September 2025: Broke in China

In the architecture of their life some may display Potemkin happiness in view of hiding the dark features…preferring to set up a window dressing of fake satisfaction rather than being rejected.

– Erik Pevernagie

 

Though the month and quarter ended on a Tuesday Barrons was clearly of a mind to start the celebration early. “The statistics are relentlessly upbeat…the benchmark index (the S&P 500) is on pace for its best September since 2013. And that’s before what is historically the strongest quarter of the year.” The Information Technology sector won the prize for the highest returns for the month, quarter and year to date with gains of 7.25%, 13.2% and 22.3% respectively besting the S&P 500’s 3.65%, 8.1% and 14.8%. Gold though continued to outshine the equity markets profiting investors in “the barbarous relic” 11.8% for the month, 16.6% quarter and 46.8% year to date.

Many observers both geopolitical and financial believe in the inevitability of China’s global supremacy. On Amazon’s website prospective readers are encouraged to purchase the recently published China’s Supremacy: The End of American Global Dominance by Lionel Osamba with the book described as providing the reader “a deep dive into the intricacies of China’s ascent offering…an unparalleled view into the factors driving this seismic shift.” Certainly, the rise of globalization since the 1990’s has witnessed the greatest increase of a nation’s wealth in history. A more nuanced understanding of globalization though reveals why it is ending and with it the rate of growth of China’s economy, a story much of which has been built upon falsehoods and deception.

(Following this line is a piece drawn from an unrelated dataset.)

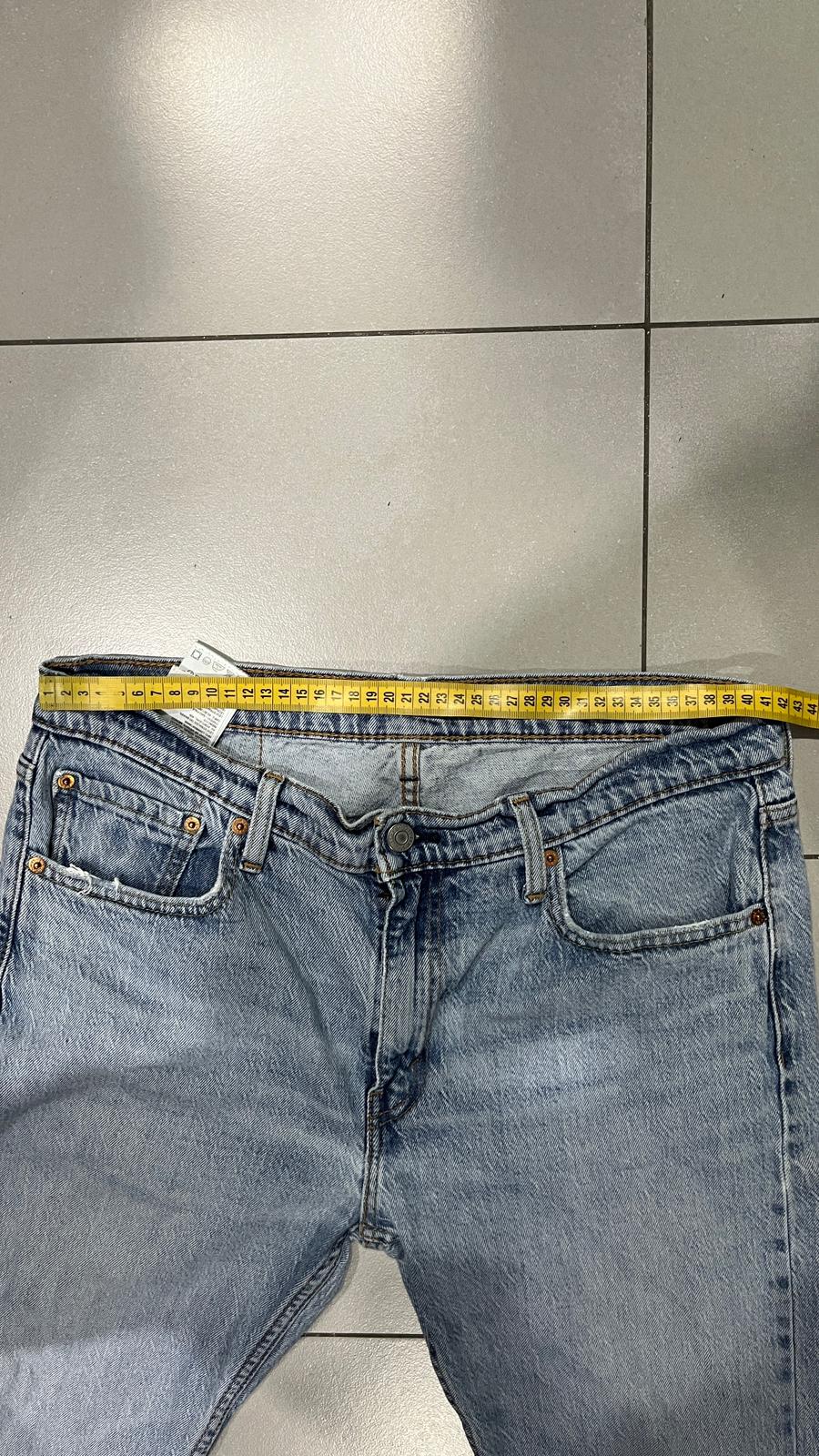 Denim Levis 502 Slim Fit  (M)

In a globalized economy nation’s trade surpluses must equal other nation’s trade deficits. The structure of the two nation’s economies reflects this with China’s 42% share of investment in its economy contrasting with the U.S.’s 22% and household consumptions 69% share for the U.S. and 39% for China with the U.S. shares close to the global averages. China uses investment to achieve its targeted economic growth rate but much of that investment creates negative returns resulting in Chinese debt rising by 100% since 2016 reaching a level of 291.9% in 2024 versus the U.S.’s 249.4%. These numbers though do not reveal the actual severity of China’s challenges as, unlike the U.S., it does not recognize bad debt, resulting in a significant overstatement of the actual size of its economy and the near certainty that it is significantly overstating what that rate of growth has been and is.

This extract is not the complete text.